To the rescue, the International Auditing and Assurance Standards Board has published a practice alert to address the challenges. The alert highlights excerpts of international auditing standards that tell the auditor what to consider in evaluating management’s going concern assumptions. The alert focuses on liquidity and credit risk that may create new uncertainty for entities, or complicate uncertainties that already exist.

IAASB, an arm of the International Federation of Accountants, focuses its guidance on international auditing standards, but they aren’t significantly different from U.S. standards, said James Sylph, executive director for professional standards at the IAASB. “The basic underlying work that an auditor would do around going concern is quite similar in the U.S. environment and the international environment,” he said. “U.S. auditors would benefit from reading it.”

The Public Company Accounting Oversight Board published an audit alert in December that addressed the going concern question along with a host of other financial reporting and auditing considerations that command a fresh look during persistent market uncertainty.
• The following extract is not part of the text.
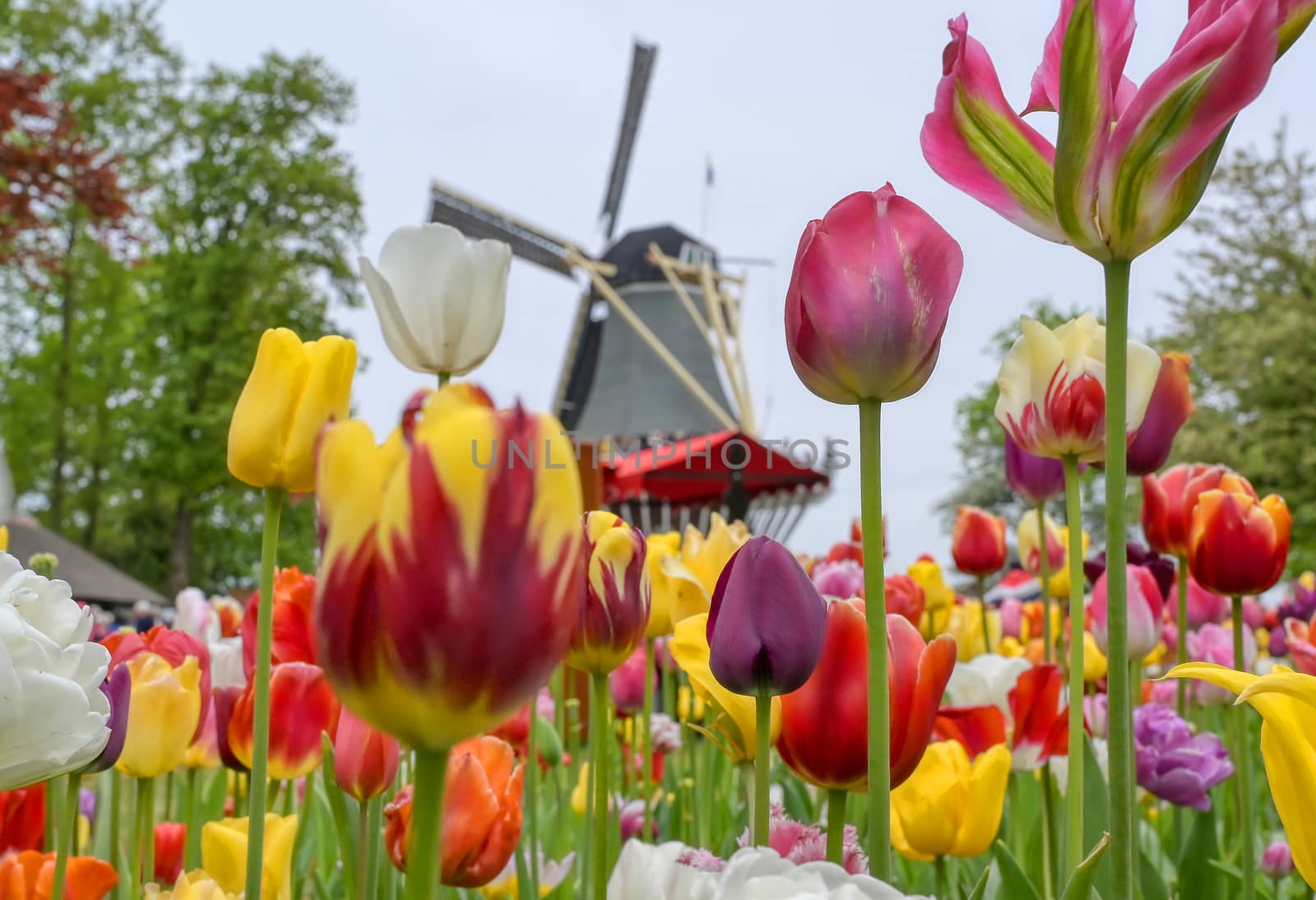 Tulips surrounding a windmill in the Netherlands.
The IAASB alert says the going concern assumption is a fundamental concept in the preparation of financial statements, and it is management’s job to make an assessment of whether an entity can continue as a going concern. The auditor, though, has to consider whether management’s assessment is appropriate as a part of every audit engagement, the alert says.

Following the applicable financial reporting requirements, management is responsible for determining the extent of disclosure necessary to address the going concern question, the alert says. Even further, though, auditors should think carefully about whether to add an “emphasis of matter” paragraph to the audit opinion, or an extra paragraph in the audit opinion to call attention to the going concern assessment, according to the alert.
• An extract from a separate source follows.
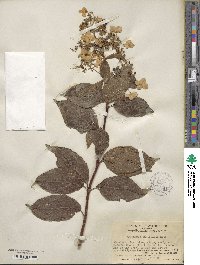 Hydrangea paniculata image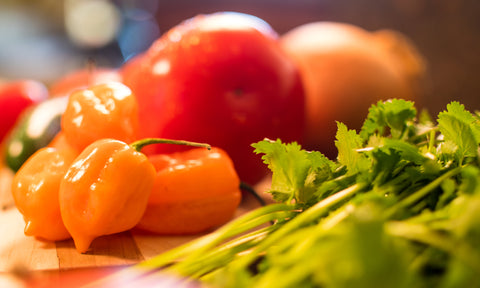 tomato plant, cilantro, and onion plant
The intent, said Sylph, is to remind auditors that the economic environment commands a fresh look at assumptions that were safe in prior years. “In the past, an audit client may have had bank loans that come up for renewal every year and they get renewed,” he said. “Management never really had to worry about getting bank loans renewed, but they may have to worry about that today. This highlights that auditors need to pause a moment and not just repeat what they did last year.”

Sylph acknowledged the disclosure is sensitive if companies must profess they have a going concern question because it makes investors more likely to pull back. “This is a very real area of contention between management and auditors in all audits,” he said. “It’s very much alive around the world right now.”